-- Records supplied follows --

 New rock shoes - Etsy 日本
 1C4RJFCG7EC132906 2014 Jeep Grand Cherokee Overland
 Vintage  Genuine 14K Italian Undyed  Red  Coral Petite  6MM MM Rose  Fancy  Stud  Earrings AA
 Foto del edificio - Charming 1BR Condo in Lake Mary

-- Records supplied concluded --
-- Records supplied follows --

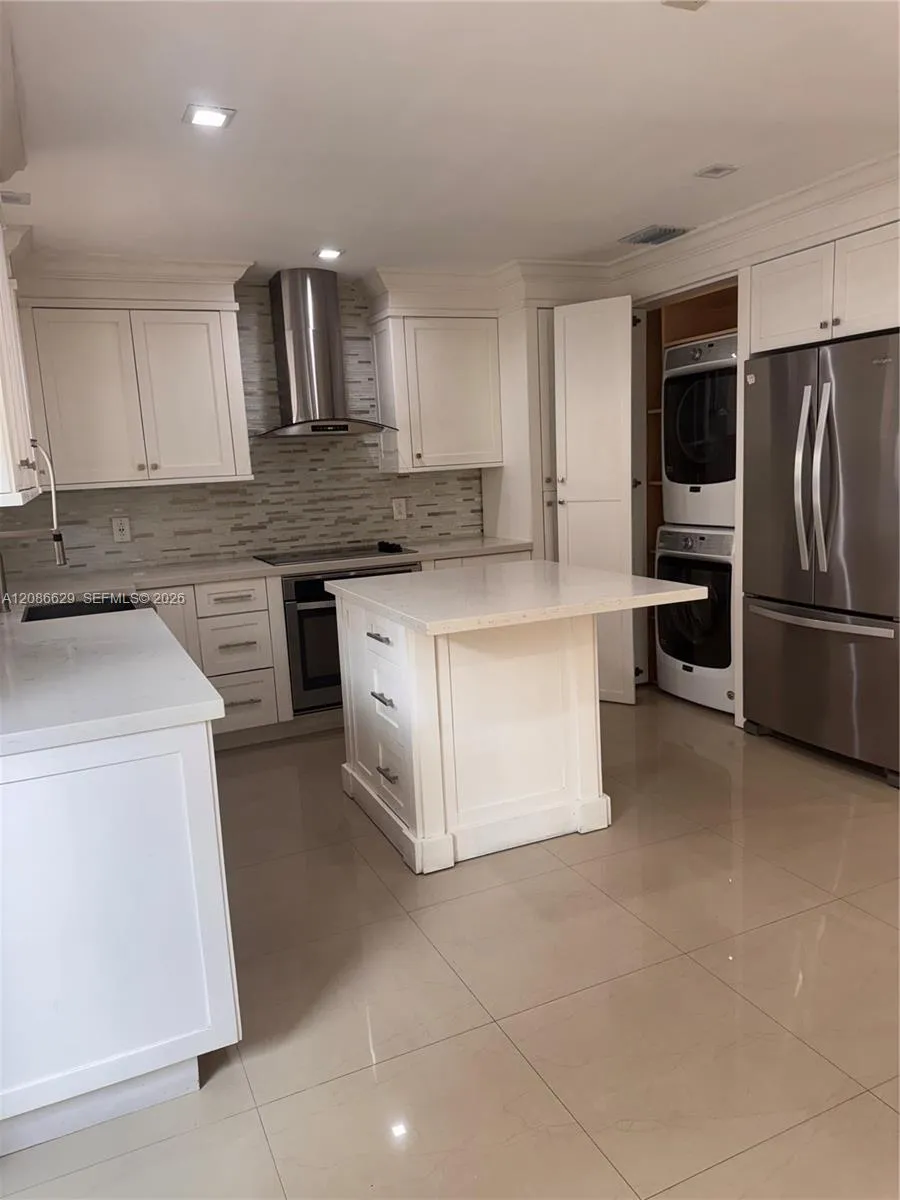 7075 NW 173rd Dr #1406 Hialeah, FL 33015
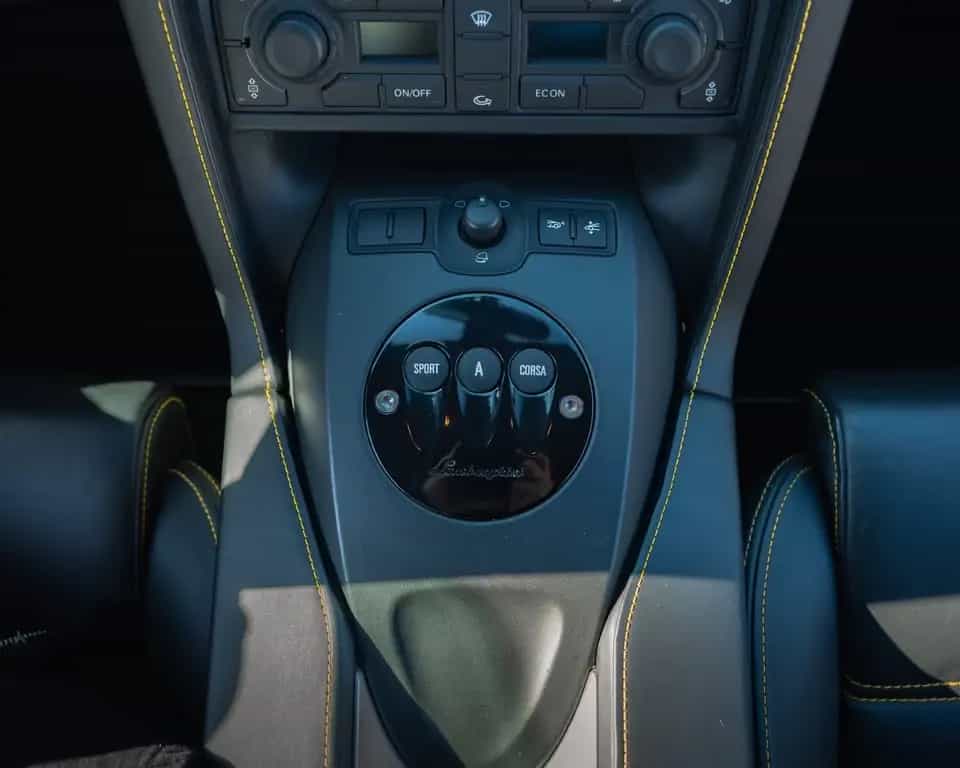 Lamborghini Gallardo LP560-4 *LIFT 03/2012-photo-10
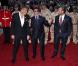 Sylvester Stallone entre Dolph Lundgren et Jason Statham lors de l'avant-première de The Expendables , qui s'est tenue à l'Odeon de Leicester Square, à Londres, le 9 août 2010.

-- Records supplied concluded --
-- Records supplied follows --

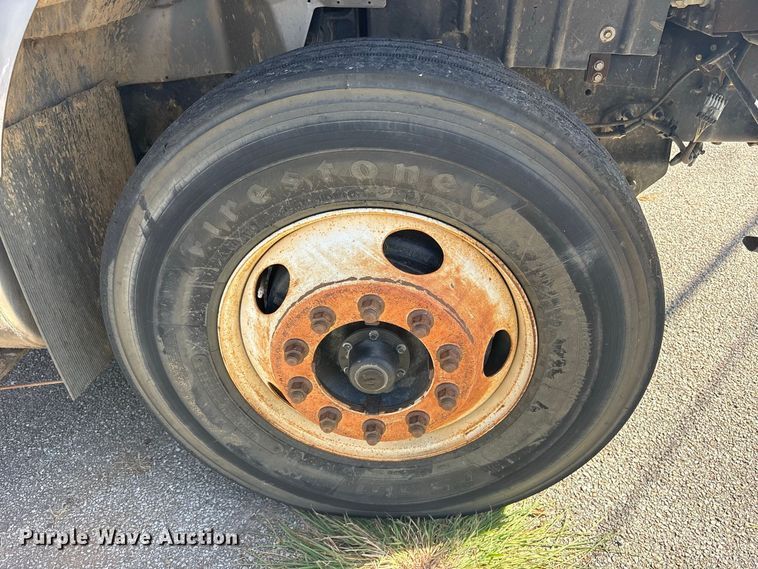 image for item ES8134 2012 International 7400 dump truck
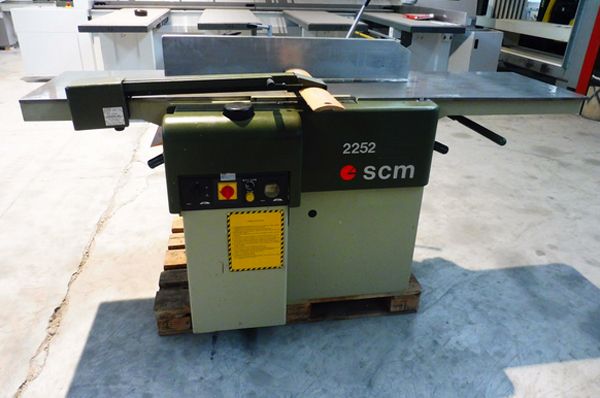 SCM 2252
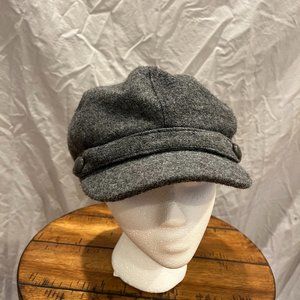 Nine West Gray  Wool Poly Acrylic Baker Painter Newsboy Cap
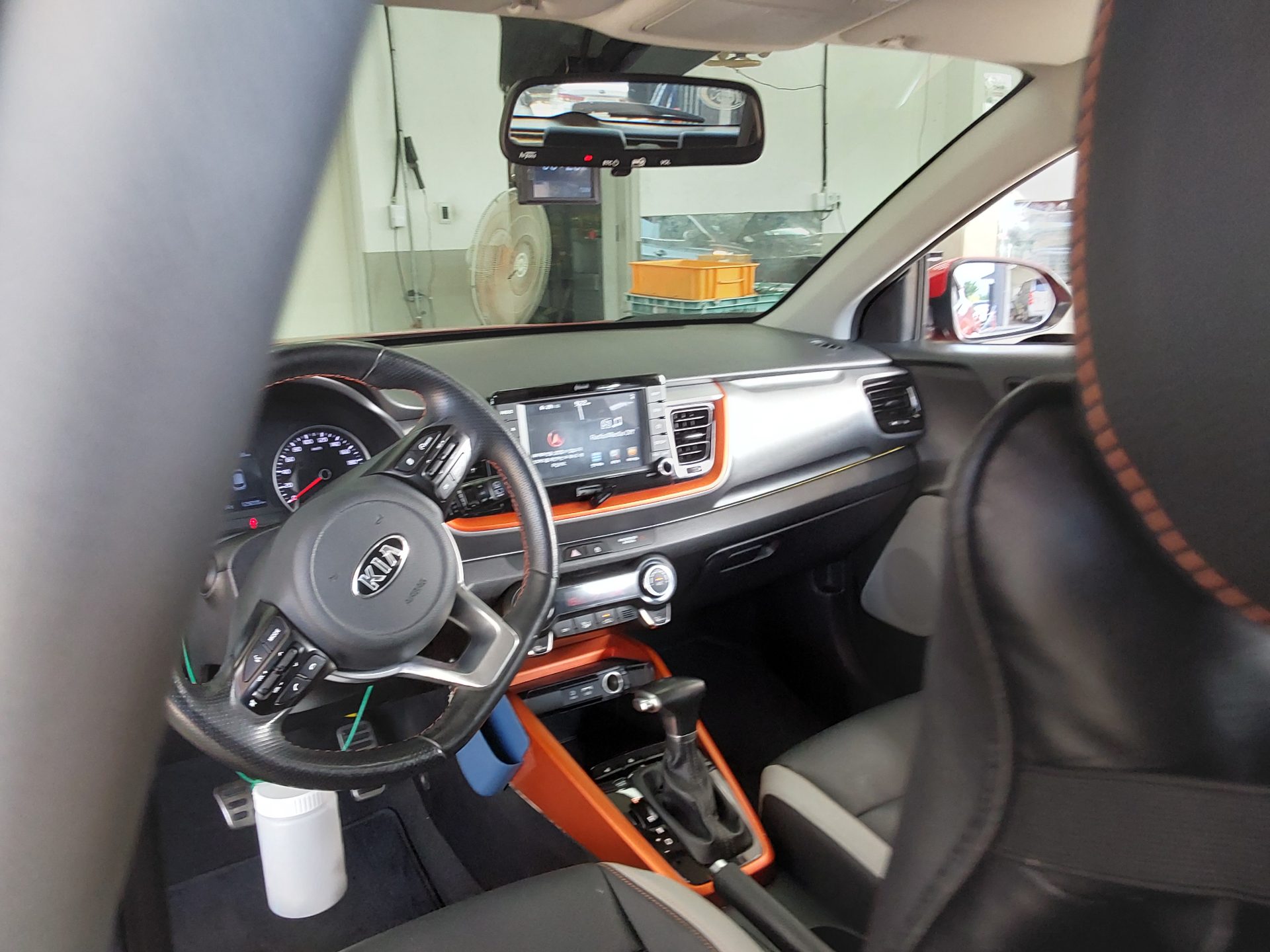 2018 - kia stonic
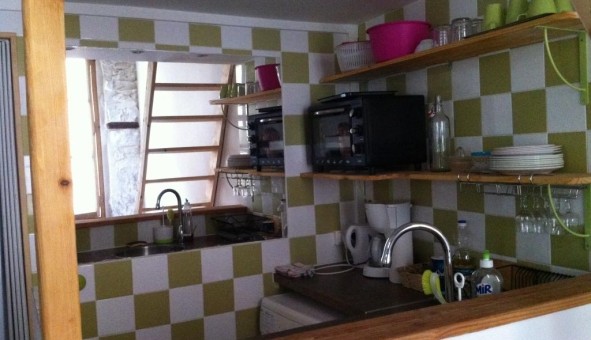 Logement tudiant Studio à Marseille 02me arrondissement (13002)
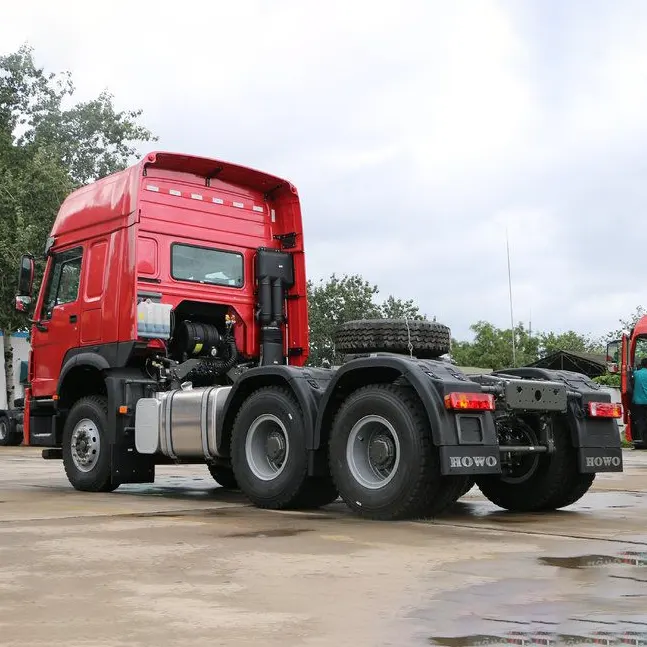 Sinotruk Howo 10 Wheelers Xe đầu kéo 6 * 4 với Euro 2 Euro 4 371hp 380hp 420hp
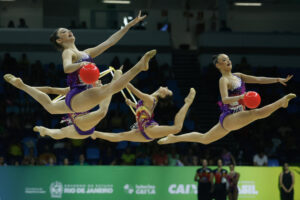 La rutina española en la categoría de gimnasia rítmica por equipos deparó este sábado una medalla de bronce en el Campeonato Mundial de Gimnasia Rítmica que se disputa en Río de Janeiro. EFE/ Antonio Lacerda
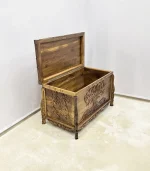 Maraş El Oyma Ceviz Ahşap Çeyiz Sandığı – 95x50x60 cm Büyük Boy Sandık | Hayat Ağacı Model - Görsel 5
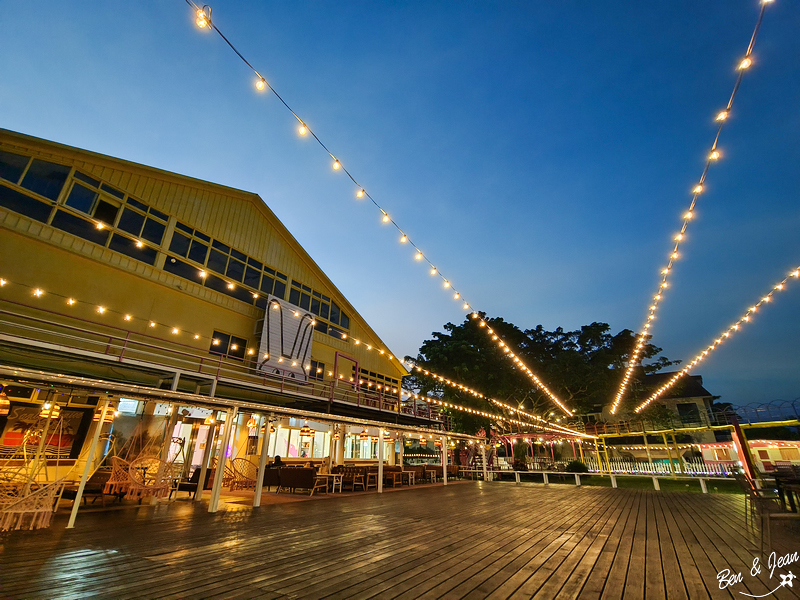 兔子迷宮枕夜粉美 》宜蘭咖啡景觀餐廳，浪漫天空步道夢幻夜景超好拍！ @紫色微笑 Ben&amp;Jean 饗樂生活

-- Records supplied concluded --

What is expected
Please reproduce the lines from the line with "New rock shoes - Etsy 日本" to the line with "Foto del edificio", both ends included, exactly as they appear above.

Response to the task
 New rock shoes - Etsy 日本
 1C4RJFCG7EC132906 2014 Jeep Grand Cherokee Overland
 Vintage  Genuine 14K Italian Undyed  Red  Coral Petite  6MM MM Rose  Fancy  Stud  Earrings AA
 Foto del edificio - Charming 1BR Condo in Lake Mary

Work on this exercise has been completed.